The homemaking guru blew up Twitter over the last couple of days after she tweeted to her 3.16 million followers, from a Daily Mail dinner in Cannes, that she had no clue who her table mate, self-described “well-known” Kardashian friend and publicist Jonathan Cheban, was. The unintended (?) diss was quickly picked up by CBS, AOL, Mashable, Jezebel, Refinery29 and a lot of other sites, while Time’s Cady Lang, in a piece headlined “We Should All Aspire to Tweet Like Martha Stewart,” dubbed her “the queen of shade.”
This, a few days after Martha announced her new venture with Marley Spoon, a food kit delivery service that sends consumers fresh ingredients and recipes from Stewart’s collection of thousands of recipes for preparing the week’s meals. This was also the week she cheerfully flouted the “no pictures” rule at a Hillary Clinton fundraiser in New York.

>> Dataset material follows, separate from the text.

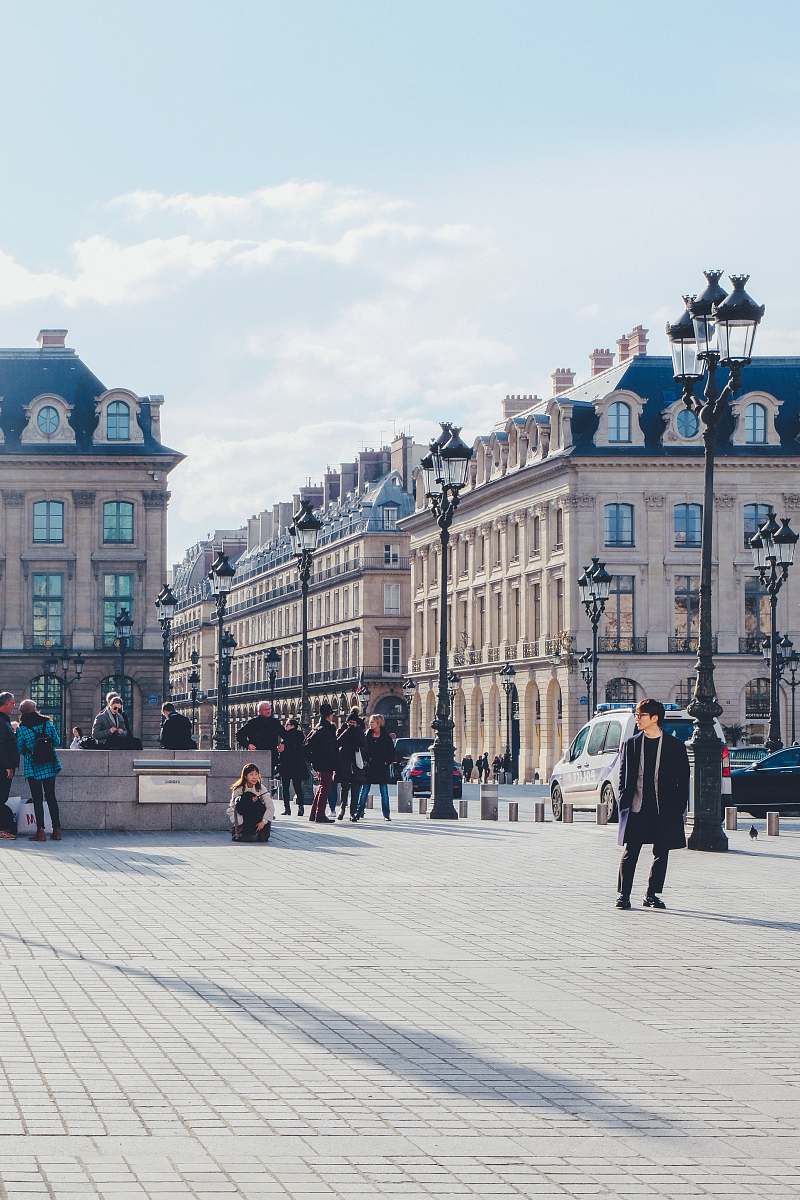 city people near building during daytime downtown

Her power as a social influencer and her ongoing business partnerships serve as a potent réfutation of the haters who’ve declared her over and done with like the morning’s breakfast scraps (as this writer did in Adweek a few years back—literally bringing out the knives). But like those Terminator movies that keep coming and coming and coming, Martha Stewart, it would appear, is back.
Martha found herself back on the Daily Mail yacht this morning for an invitation-only brunch for about 30 people, including yours truly, and a brief talk afterward with Anne Shooter, U.K. commercial editor for the Mail.

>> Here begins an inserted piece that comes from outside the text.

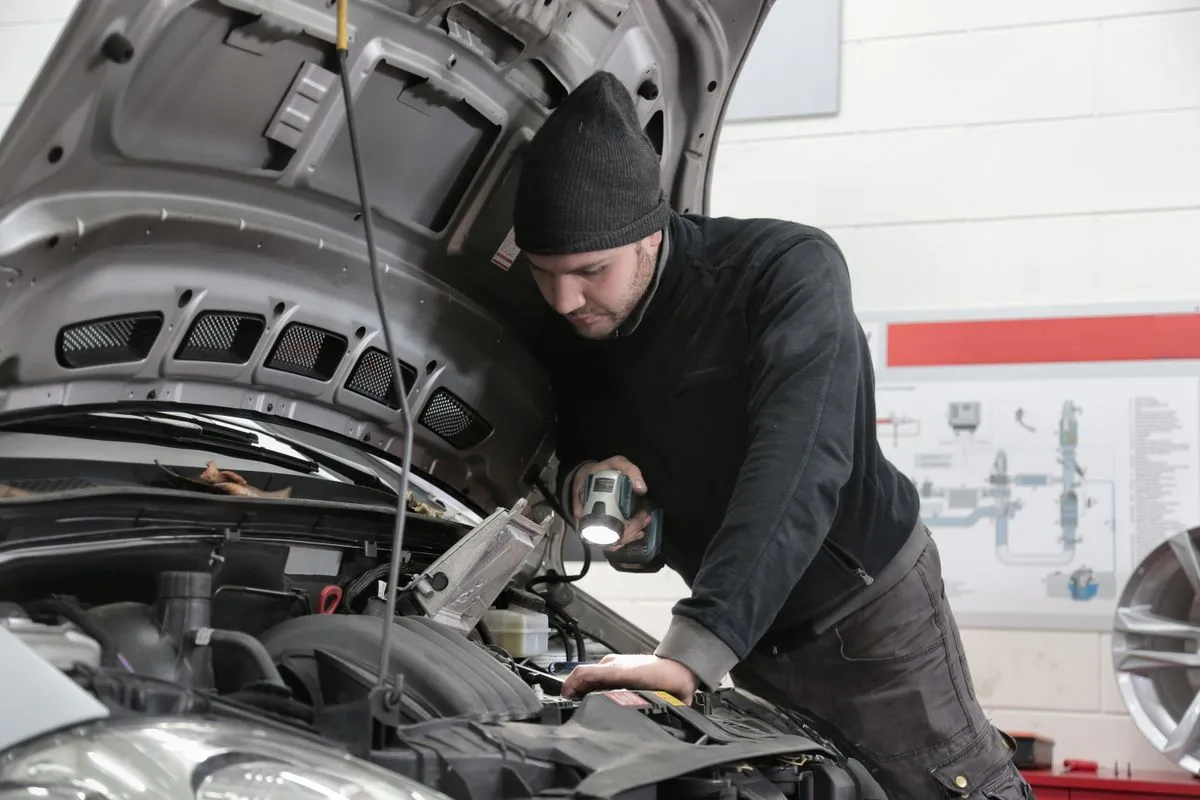 Mechanic inspecting a car with a torch for a Nuneaton customer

The lifestyle legend put a convincing spin on the $353 million acquisition one year ago of the company she founded, Martha Stewart Living Omnimedia, by Sequential Brands, in which she has a stake and which also owns brands by Justin Timberlake and Jessica Simpson. (It’s a far cry from the nearly $2 billion Stewart’s company was valued at after going public in the 90s, which made her an instant billionaire.) But the Sequential deal, she claimed, “has taken the pressure off me and enabled me to own part of 20 or so other companies [owned by Sequential].” Noting she is working with younger executives at her parent company, she said, “It’s a breath of fresh air—and I’m richer!”

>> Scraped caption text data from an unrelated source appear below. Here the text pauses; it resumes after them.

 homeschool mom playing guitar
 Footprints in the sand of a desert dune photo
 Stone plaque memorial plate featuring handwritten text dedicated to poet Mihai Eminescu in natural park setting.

This morning, she also lamented the presidential run of her old nemesis, Donald Trump. (Martha, you will recall, did a short-lived Apprentice spinoff on NBC right after her release from prison a few years back—and almost immediately butted heads with franchise founder Trump.) Talking about the originally intended purpose of the internet as a means for making life more efficient and breaking down borders as opposed to Trump’s idea of “building walls,” Stewart complained that it has become more of a “time waster” among bored youths.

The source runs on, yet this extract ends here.